REMARKS BY THE PRESIDENT
AT NATIONAL EDUCATION SUMMIT
3:40 P.M. EDT
THE PRESIDENT: Thank you very much. Good afternoon, governors, education leaders, business leaders. I am delighted to be here. I thank my good friend, Governor Hunt, for his remarks. This year marks the 20-year anniversary from the time you and Secretary Riley and I started working together on education.
I want to thank Governor Thompson for his interest in this, and so many other issues. Tommy Thompson is the first governor who told me that he thought that he could really move, literally, every able-bodied welfare recipient in Wisconsin to work. And I think they've had a 91-percent drop in the rolls. He nearly got it done. Congratulations, that's an amazing achievement.
And I want to especially thank Lou Gerstner and all the business leaders here, because you kept the idea of the summit alive and understood the importance of consistent and systematic follow-up with the governors, with the educators. I am very grateful to you for doing this. Most people like you do a project like this for a year or two and then they forget it and go on to something else. And you haven't done it, and I'm very grateful.
And for all of you who were here three and a half years ago, who stayed involved in this, I thank you.
Governor Hunt -- I was watching him on the monitor outside -- talked about the issue and to the Nation At Risk report 16 years ago, the meeting we had 15 years ago. The first National Education Summit was in Charlottesville 10 years ago this week. And some of us were there then. President Bush, his Education Department, education leaders from around the country, we were all together. And we came together to embrace the concept and specifics of national education goals.
At the second summit, here in Palisades three and a half years ago, we supported the idea that every state should set standards.

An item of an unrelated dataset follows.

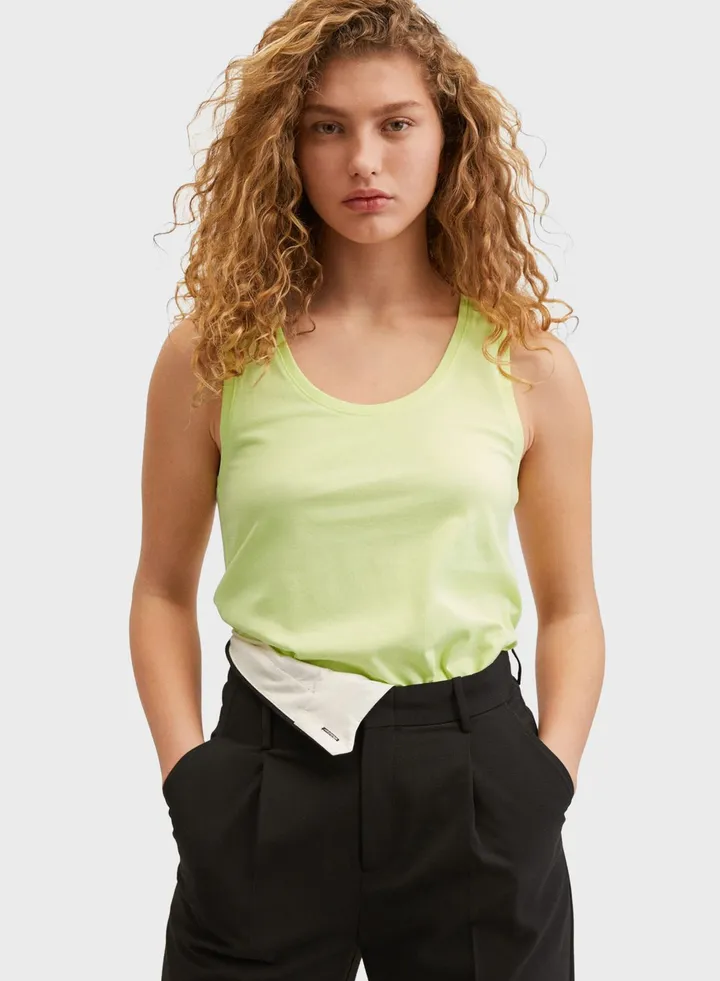 Knitted Tank Top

At this third summit I hope we will embrace with equal fervor the idea of accountability, for only by holding educators, schools, students and ourselves accountable for meeting the standards we have set will we reach the goals we seek.
We have made significant progress, particularly in the ideas governing the way we look at this. More and more we're leaving behind the old divisions between one side saying we need more money and the other side saying we shouldn't invest any more money in our public schools, it's hopeless. By and large, there is a new consensus for greater investment and greater accountability. Greater investment and higher standards and higher quality teachers to help students reach the standards; holding the schools accountable for the results -- that's the agenda of Achieve, the agenda of our administration, clearly the right agenda for the United States.
I think it is another mark of progress, and something that many of you in this room can feel profoundly both proud of and grateful for, that 10 full years after Charlottesville and now more than 16 years after the issuance of the Nation at Risk report, there is still a passionate sense of national urgency about school reform, and about lifting education standards. And there are people who get up every day full of energy about it -- not cynical, not skeptical, not jaded, not tired; still eager to learn. People in governors' offices, people in the schools of our country, business leaders, education leaders of all kind.
This is quite an astonishing thing. You cannot think of a single other issue that has had this long a life at this level of intense commitment. And I think it is a tribute to the love of the American people for their children, a tribute to the understanding of the American people of the importance of education in the global economy, and a sense that we know that we have both the largest and the most diverse student population in our history.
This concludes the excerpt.